Sooo,
‘Here I sit with my shoes mismated, Lawdy, mercy, I’se frustrated....’
- by Langston Hughes
I don’t know what you are up to but I am chillin' in the kitchen on this fab summer day, frustrated only by my inability to open the champagne chillin' in the fridge, calmed by the divine sax of Alfonso Blackwell floating in the hazy air – very loudly – from our wonderful speakers. Bliss!
Time for a break as I remember we have choccies in the fridge...am now back with 3 of them (ate one on the way back to computer)! Among my secret vices are champagne, chocolates and baroque opera...how I love the whoops, trills and spills of Handel…
Whilst listening, I was pondering the ‘ignorance is bliss’ approach to illness. People often say to me how awful it must be not to know what is wrong with me. ‘I couldn’t bear not knowing,’ they say. What they really mean, I suspect, is, ‘I want to hear good news.’ Bad news is generally not so easy to receive!

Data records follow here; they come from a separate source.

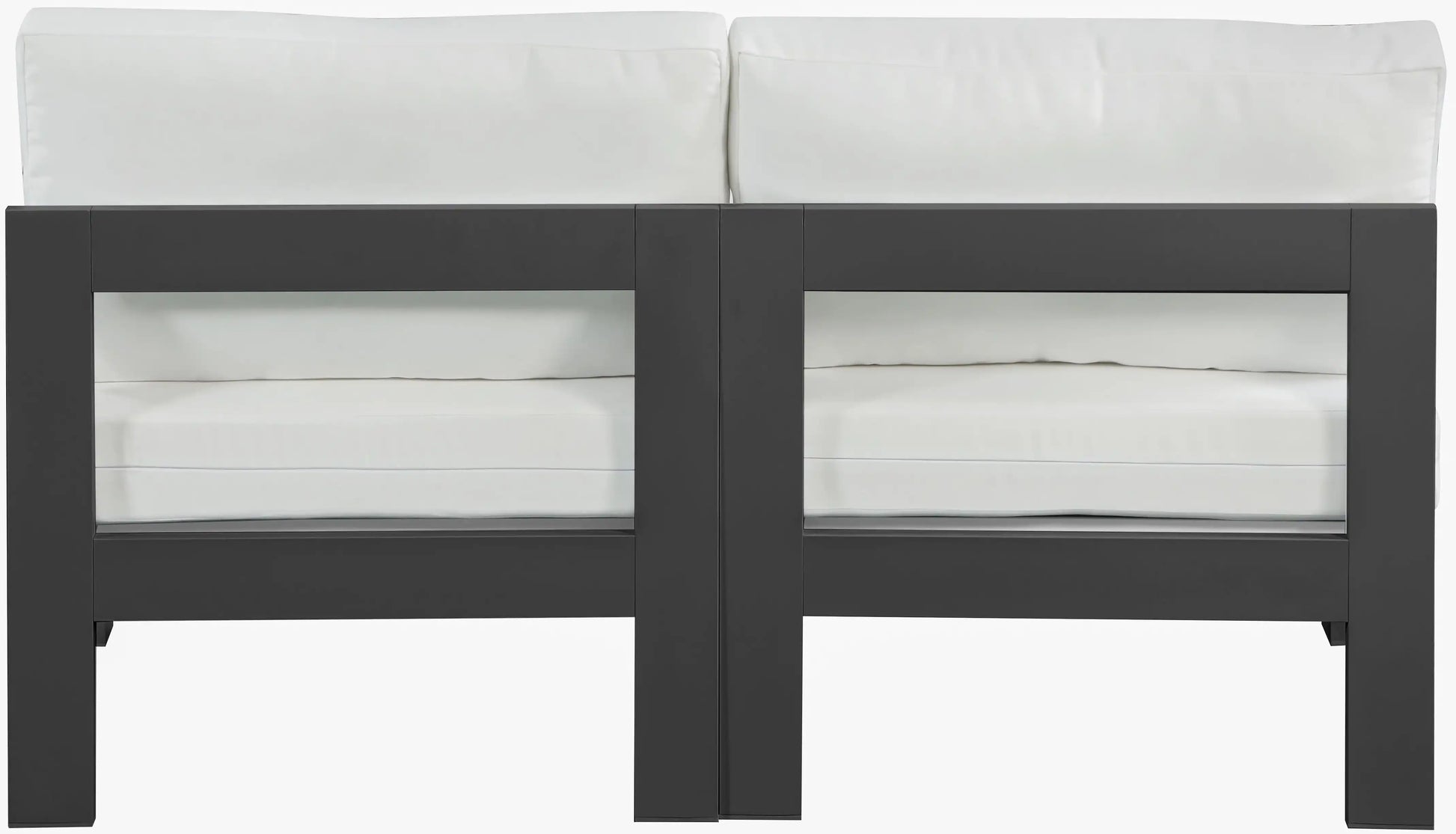 Nizuc - Outdoor Patio 2 Seat Armless Modular Sofa With Gray Frame - Best Buy Furniture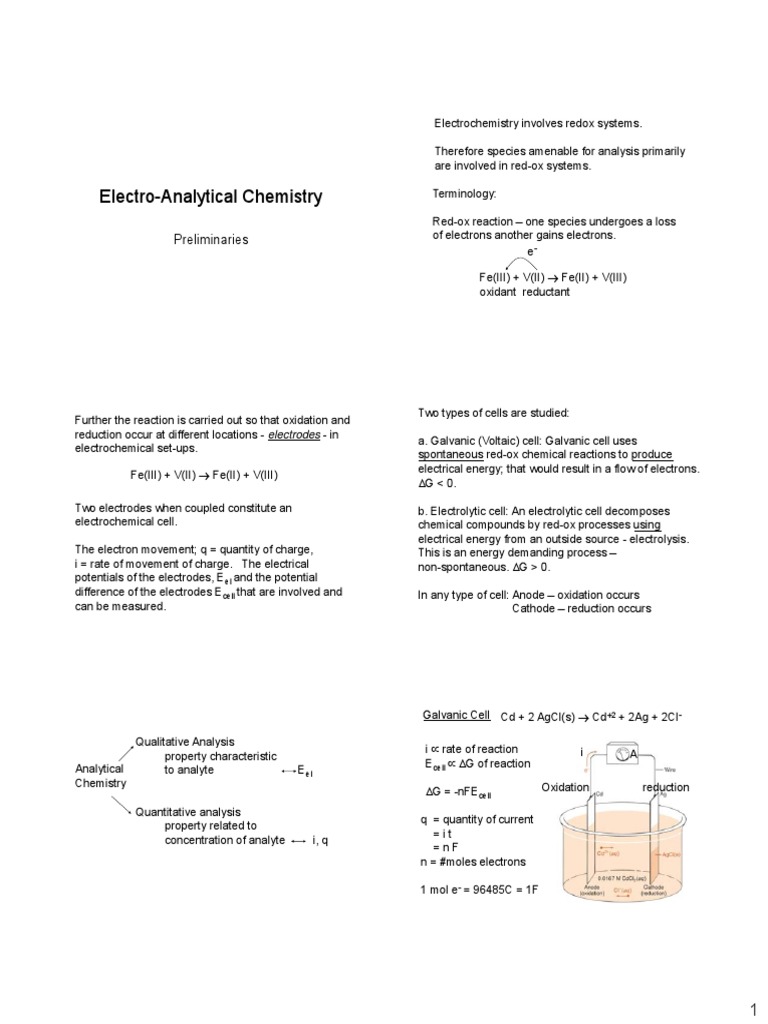 Fundamentals of Electro-Analytical Chemistry | PDF | Electrochemistry ...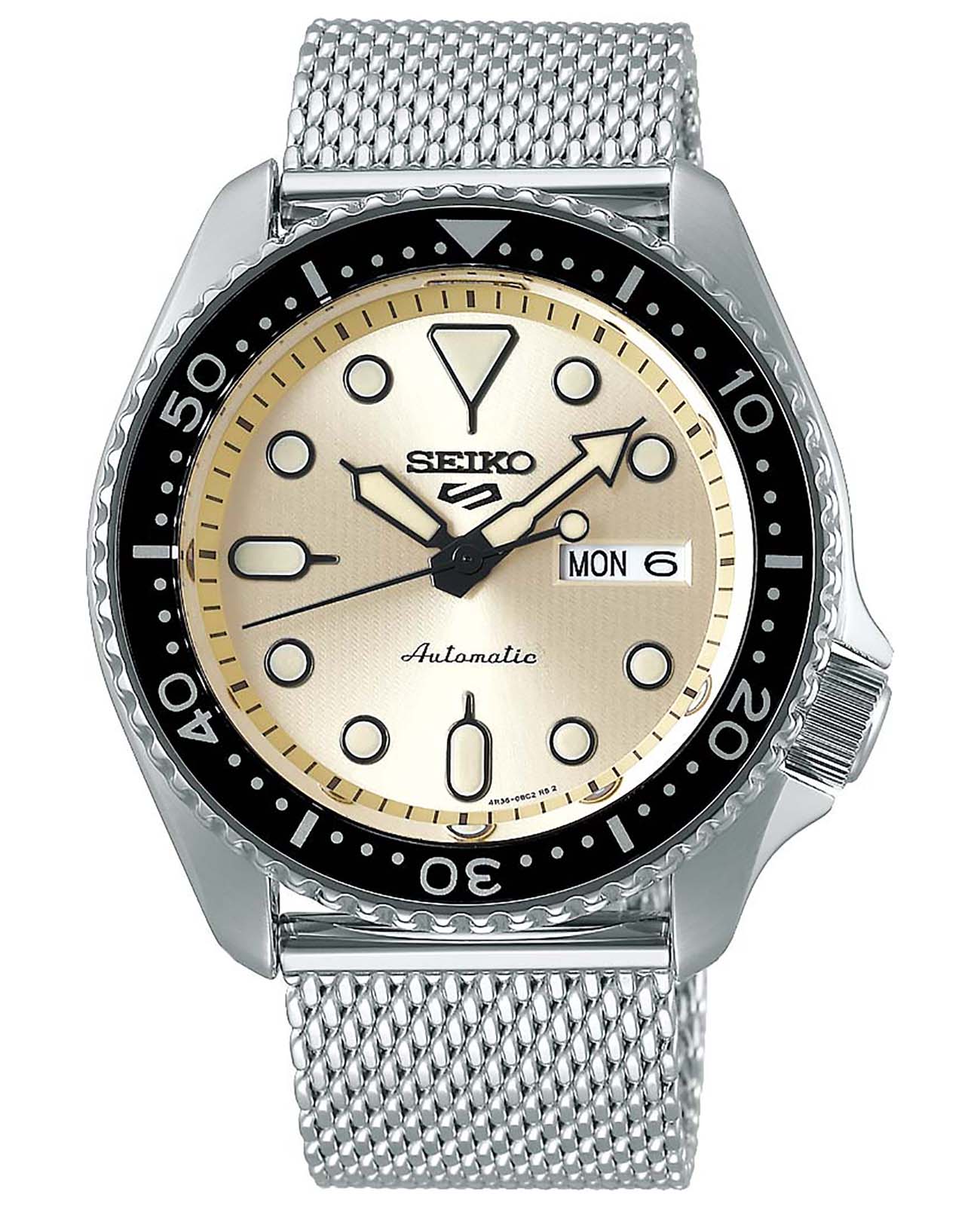 Seiko Seiko 5 Sports SRPE75K1  SRPE75K1 механические мужские часы бежевый циферблат, браслет нержавеющая сталь — вид спереди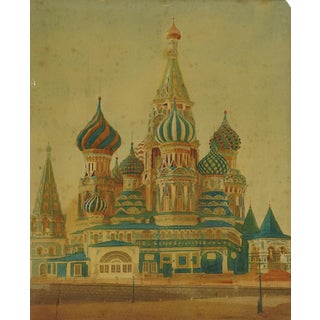St. Basil's Cathedral Moscow Hand Tinted Photograph For Sale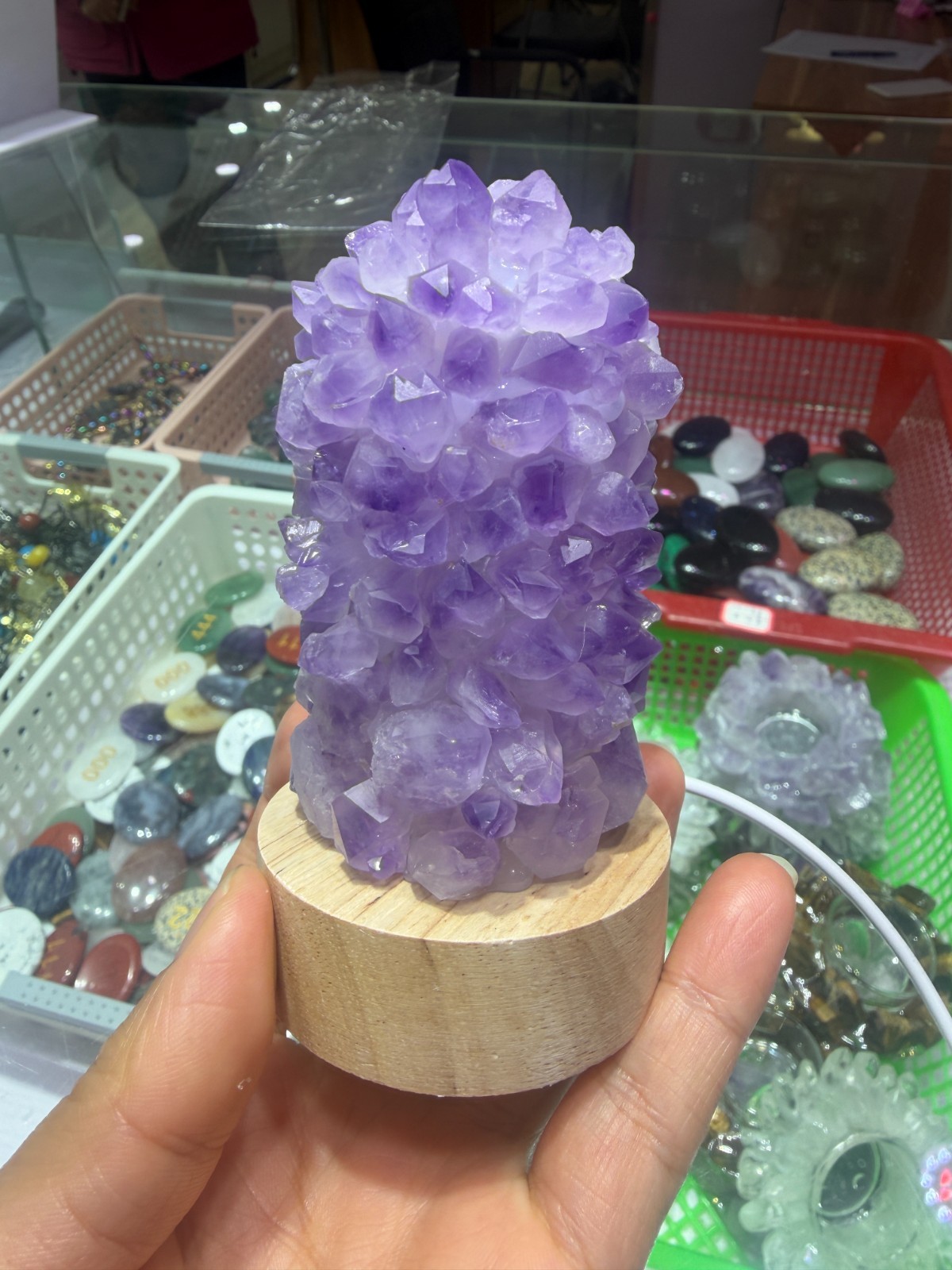 1pc natural amethys Crushed stone Quartz Crystal DIY USB Night lamp energy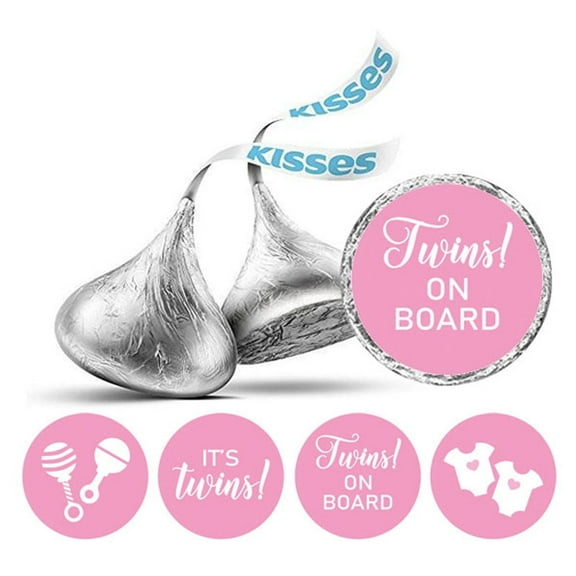 Darling Souvenir 190 Pieces Light Pink Baby Shower Favor Stickers - Chocolate Candy Label Wrappers for Newborn Party, Mini Seals & Decor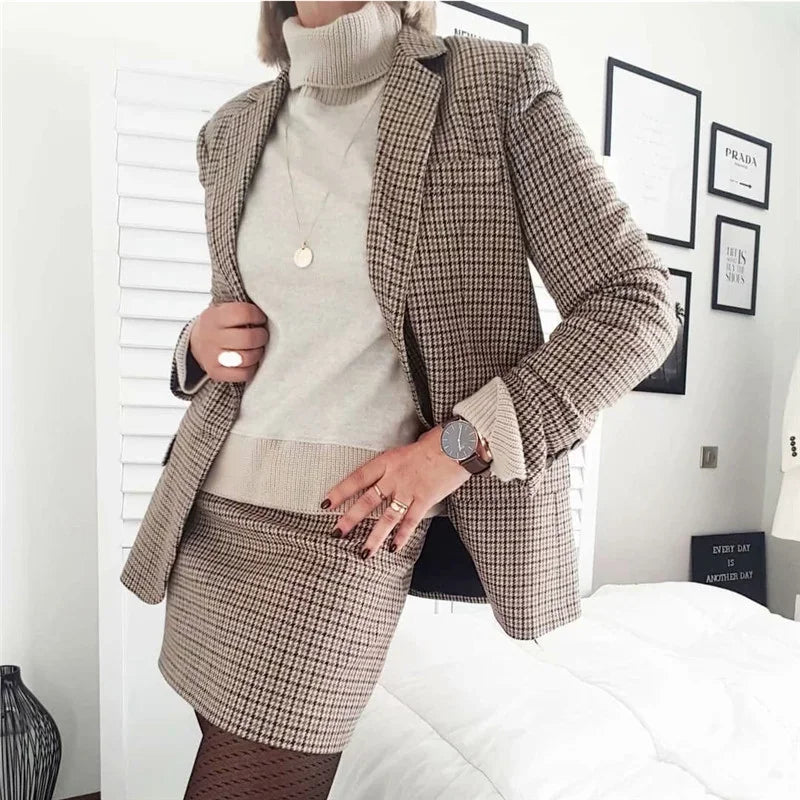 Spring New Ladies Retro Plaid Single Breasted Suit Jacket Sexy High Waist Bag Hip Short Skirt Fashion Casual Women's Suit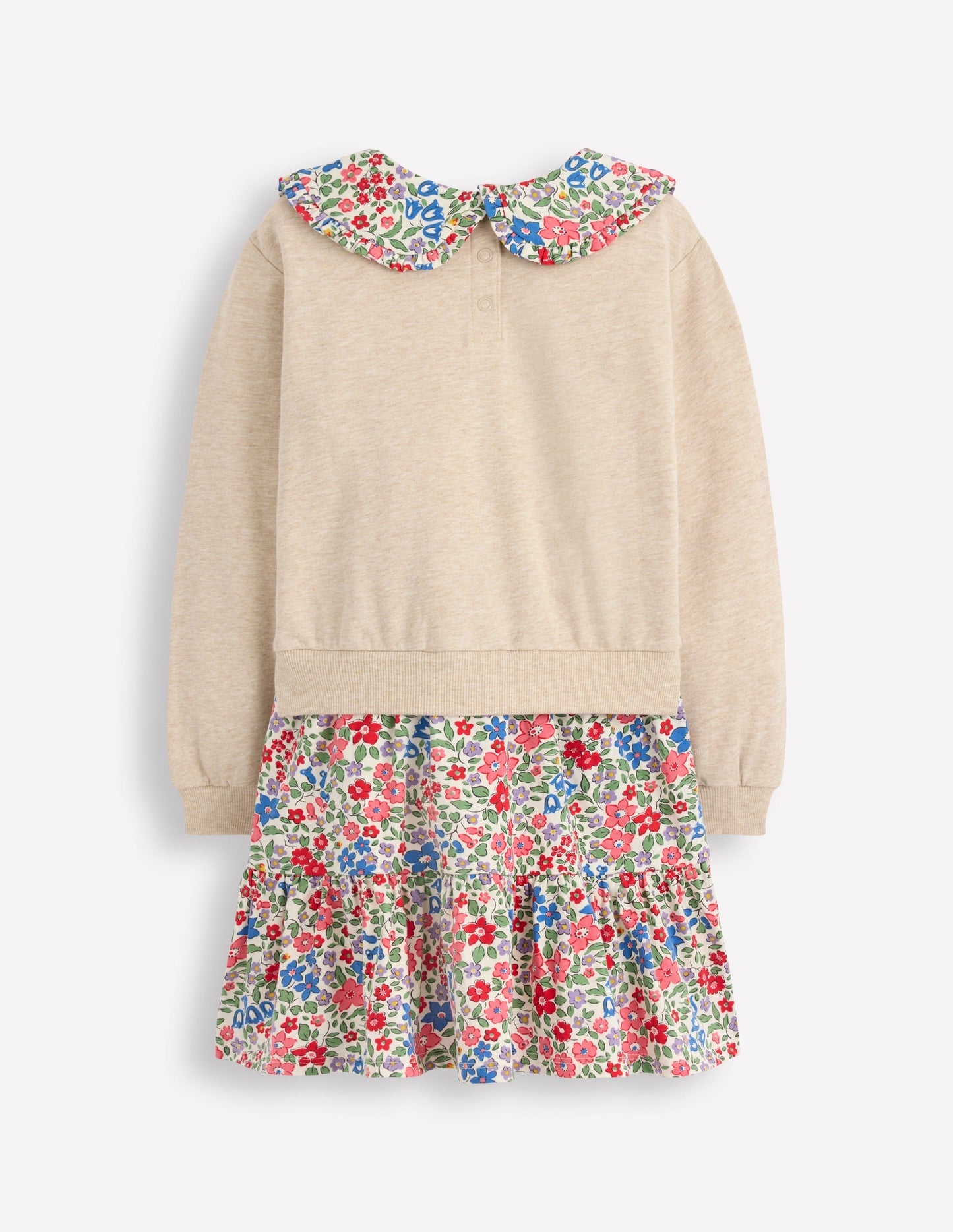 2 - in - 1 Sweatshirt Dress - Ivory Berry Floral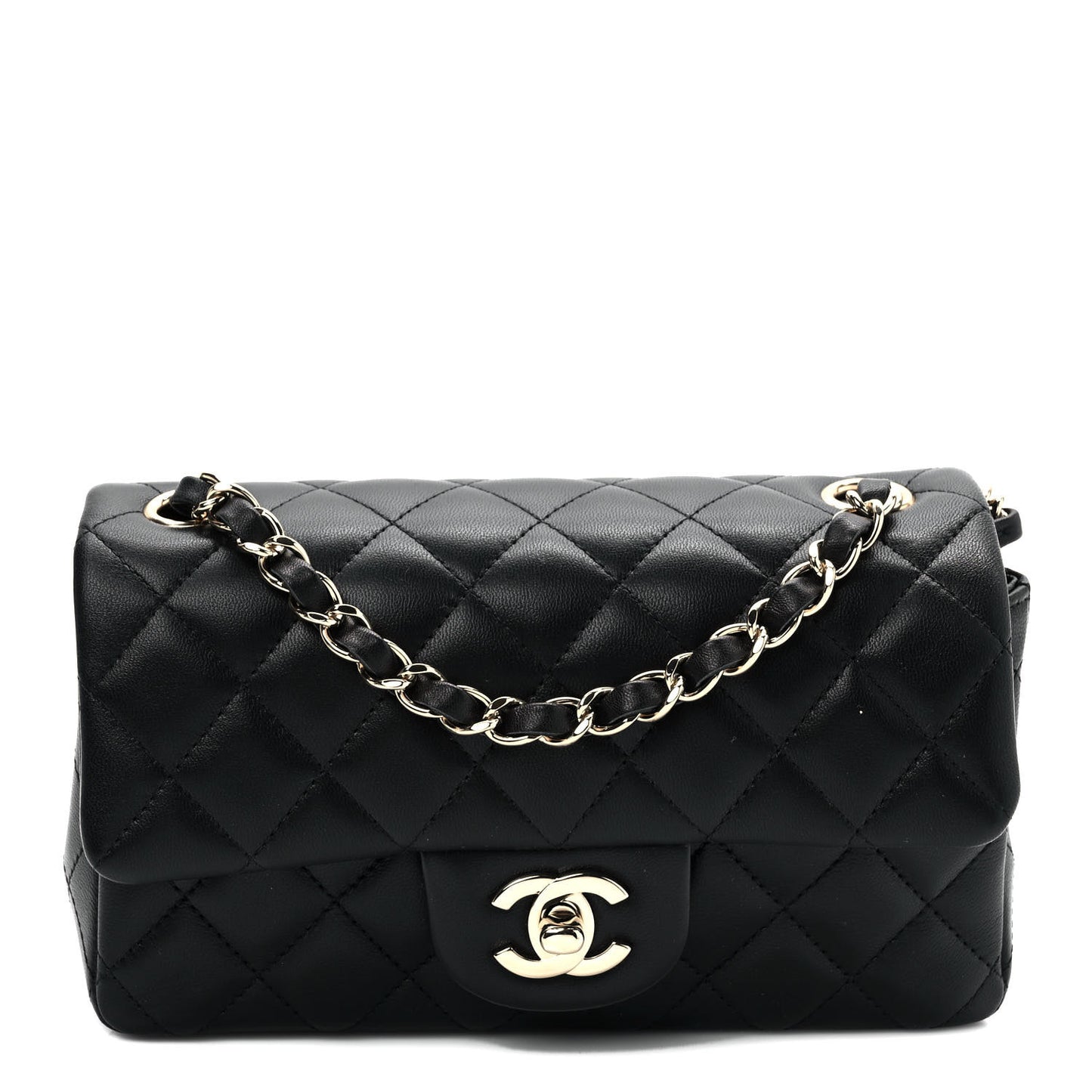 Lambskin Quilted Mini Rectangular Flap Black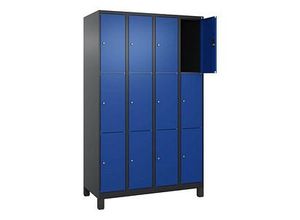 4068427433166 - Schließfachschrank Classic Plus enzianblau schwarzgrau 080010-403 S10032 12 Schließfächer 1200 x 500 x 1950 cm 406842743316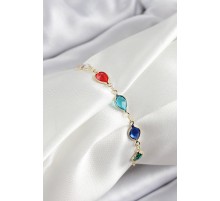 Pirinç Gold Renk Karışık Renk Damla Zirkon Taşlı Kadın Bileklik - TJ-BB7048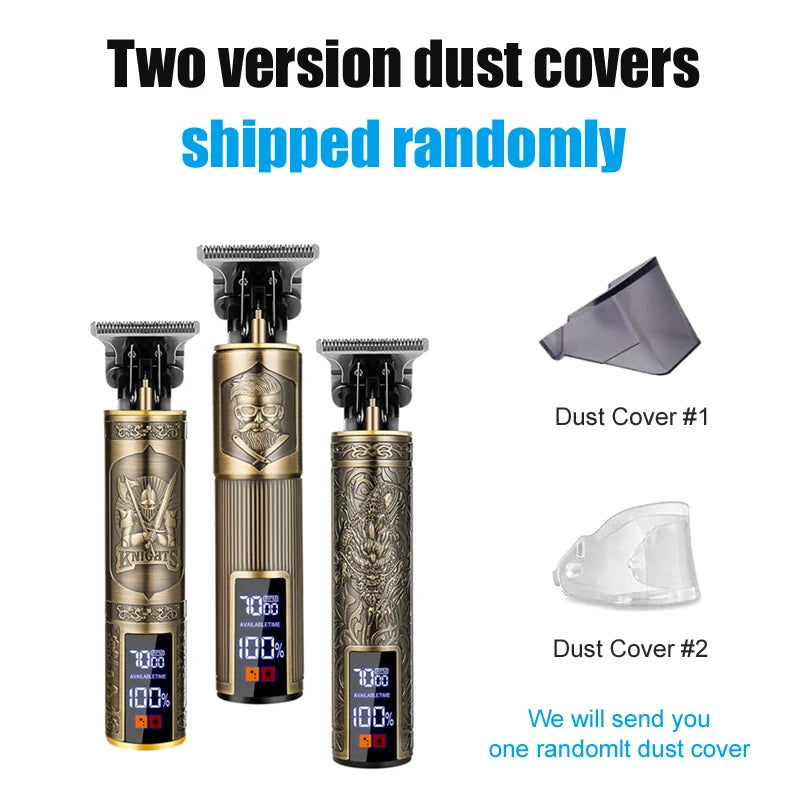 T9 Vintage Men's Electric Hair Clipper Beard Trimmer/Rechargeable Hair Cutting Machine With Nose Hair Trimmer Kit Boyfriend Gift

Sometimes - like when you know most neurological illnesses are incurable, degenerative and life threatening - isn’t it better not to know ‘for sure’? There really is something to be said for not knowing, when to 'know' is bad news. Not knowing leaves wiggle room for the unknown variables of life to kick in; it allows less time to worry about supposed ‘certainties’ - which are never absolute because doctors are not gods; it allows you to hope; to enjoy this moment – now, with all its flaws – in an entirely unexpected, scintillating, manner.
Don’t get me wrong, I would hate not to be fully informed. I would always want to know what the doctors knew about me. I am just positing that ignorance, in this respect, may sometimes be a positive force in a life – bliss indeed!